The United States on Friday imposed new sanctions on Cuba over its support for Venezuelan President Nicolas Maduro and its human rights record at home.
The Department of Commerce said in a statement that it is revoking existing licenses for aircraft leases to Cuban state-owned airlines and will deny future applications for aircraft leases.
The US will also expand sanctions to include more foreign goods containing US content and impose additional restrictions on exports to the Cuban government, the statement said.
“This action by the Commerce Department sends another clear message to the Cuban regime – that they must immediately cease their destructive behavior at home and abroad,” said Secretary of Commerce Wilbur Ross.

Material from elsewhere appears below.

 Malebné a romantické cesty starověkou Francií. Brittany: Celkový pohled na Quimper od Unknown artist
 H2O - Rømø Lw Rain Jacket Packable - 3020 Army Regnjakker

Last month the US imposed sanctions on Cuba’s Raul Castro, along with his children for his support of Maduro.
‘Unfair and genocidal’
Cuban President Miguel Diaz-Canel rejected the decision, calling it “inhumane, cruel, unfair and genocidal” in a post on Twitter.
#US announces new measures tightening blockade on #Cuba. This action expresses impotence, moral degradation and imperial contempt. It's an inhuman, cruel, unjust and genocidal act that we strongly reject. We will not give in and shall give a sovereign response. pic.twitter.com/cux5K1F8KO
— Miguel Díaz-Canel Bermúdez (@DiazCanelB) October 18, 2019
In a separate statement, the US State Department criticised Cuba for its detention of dissident Jose Daniel Ferrer, calling on Havana to disclose his whereabouts, treat him humanely and release him without condition.

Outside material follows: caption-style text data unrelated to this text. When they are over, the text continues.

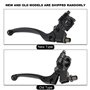 Levier d'embrayage de Frein Pliant avec perchoir pour - Dirt Pit Bike kit Levier d'embrayage et Levier de Frein de Moto+Levier E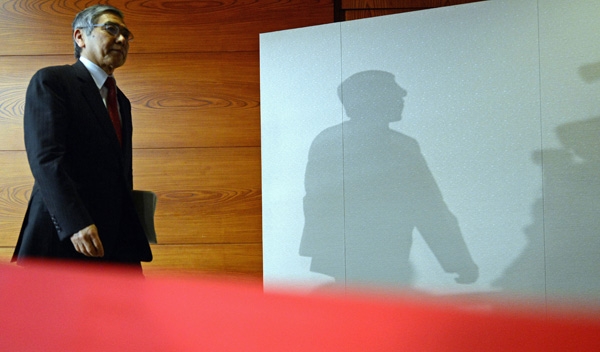 2013年4月4日，日本東京，日本央行行長(zhǎng)黑田東彥。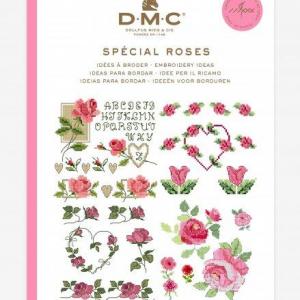 Mini livret point de croix special roses dmc 1582122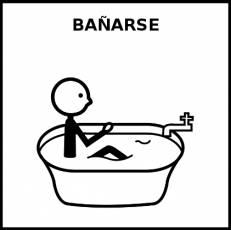 BAÑARSE - Pictograma (blanco y negro)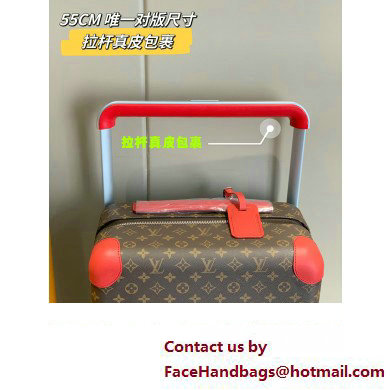 louis vuitton Horizon 55 SUITCASE M46778 red 2024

Ferrer, a prominent figure who leads the Patriotic Union of Cuba (UNPACU), was arrested in Santiago de Cuba on October 1 after a police raid on his home, which is also the group’s headquarters.
Cuba’s government does not typically discuss police activity, including the detention of dissidents, who Havana dismisses as provocateurs funded by the US.
Relations between Cuba and the US have deteriorated under President Donald Trump.
Trump has stopped short of breaking off diplomatic relations with Cuba restored by then-President Barack Obama in 2015 after more than 50 years of hostility.